It doesn’t matter what version of Christianity you believe in or what denomination you subscribe to. Grace is an important issue to the Christian community. We talk a lot about grace. We insist on how we need to give each other more grace. We even insist on how people ought to give us more grace. We might even tell ourselves that we ought to give ourselves more grace. But is it possible we missed the point of grace? Maybe we got grace wrong.
It’s possible those with a more legalistic point-of-view or those who feel that the Church has cheapened grace will be excited, anticipating that I will be offering something along those lines as well. I’m sorry to disappoint, but I’m not. You see, we have so often done legalism wrong because it was all about what we felt was right. We, like the pharisees, have sought legalism to declare ourselves righteous. We have so often used legalism to impose righteous standards on others in order to make ourselves feel pious. Even when we don’t measure up ourselves, we insist that we deserve grace. When doing so we ruin the gift of God by demanding it to conform to our desire or rules. There is no room for grace in the heart of those who are self-righteous. What if in our self-centeredness many of us in the church have never truly experienced God’s grace??
For by the grace given me I say to every one of you: Do not think of yourself more highly than you ought, but rather think of yourself with sober judgment, in accordance with the faith God has distributed to each of you. (Romans 12:3)

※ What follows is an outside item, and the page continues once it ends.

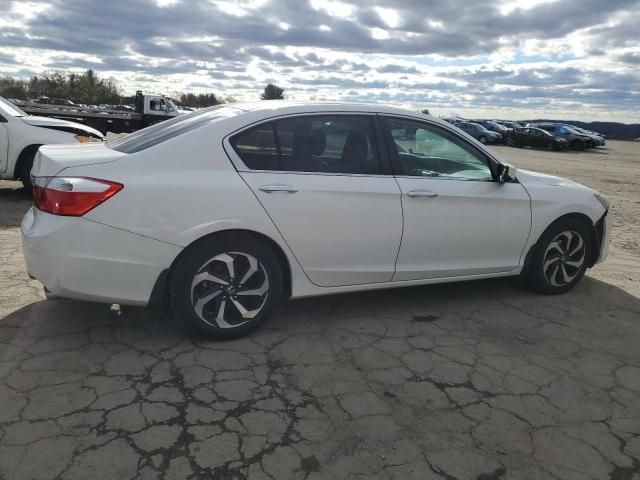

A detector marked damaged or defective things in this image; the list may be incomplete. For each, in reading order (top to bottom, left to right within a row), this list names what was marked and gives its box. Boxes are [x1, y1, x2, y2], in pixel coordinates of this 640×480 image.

damaged vehicle [0, 95, 102, 189]
cracked asphalt [1, 141, 640, 478]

In the Scriptures lately I have noticed something rather astonishing. Grace only ever comes from God. He is the author of grace. Every gift of grace comes from Him. He is the originator of grace. He invented it. He created grace. He thought it up and put it into practice. In some ways He has copyrighted it. You see, grace is not something that can be used to one-up someone else. Grace is a free gift from God. You and I cannot have grace apart from Him. We cannot have it to justify what we desire. We cannot abuse it to give us license to do what we want. It is a gift from God alone for those who desperately beg for it.

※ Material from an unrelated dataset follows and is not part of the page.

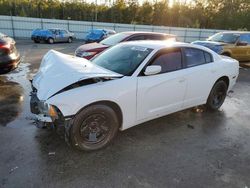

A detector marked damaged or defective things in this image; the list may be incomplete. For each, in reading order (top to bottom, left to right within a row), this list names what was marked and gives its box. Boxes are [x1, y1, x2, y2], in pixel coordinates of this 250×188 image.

But by the grace of God I am what I am, and his grace toward me was not in vain… (1 Corinthians 15:10)
For by grace you have been saved through faith. And this is not your own doing; it is the gift of God, not a result of works, so that no one may boast. (Ephesians 2:8-9)
There is not one of us who deserves grace or who can demand it. Yet we try to demand it, don’t we? “Give me a break, I deserve it!” We attempt to prevent others from judging us harshly without grace. “You have no right to judge me!” On some level, that’s true, but that doesn’t justify us. It is only God who justifies or condemns. Grace demanded is no grace at all. If you or I demand grace we nullify it. Grace is useless to those who insist on it. We can request grace as the thief on the cross did. It is only Jesus who can grant you or I the grace we so desire and so desperately need. It is true that grace is free. The church cannot sell grace. The origin of grace is with God so it is He alone who can give it out or pass it along in measure. Grace destined for self is no grace at all because by nature grace is designed by nature for someone else.
Each one should use whatever gift he has received to serve others, faithfully administering God’s grace in its various forms. If anyone speaks, he should do it as one speaking the very words of God. If anyone serves, he should do it with the strength God provides, so that in all things God may be praised through Jesus Christ. To him be the glory and the power for ever and ever. Amen. (1 Peter 4:10–11)
You see we are each stewards of God’s grace. We can pass it along for the good of someone else. It cannot be used to let ourselves off the hook. Grace cannot be hoarded or held onto. It must be given away to another who needs it. God has made us stewards of His grace. We are to pass this grace on to others. God has not given us grace that we can brag. We are to give His grace because it cannot be used selfishly. Grace vanishes when there are ulterior motives. Grace and self-centered agendas cannot co-exist.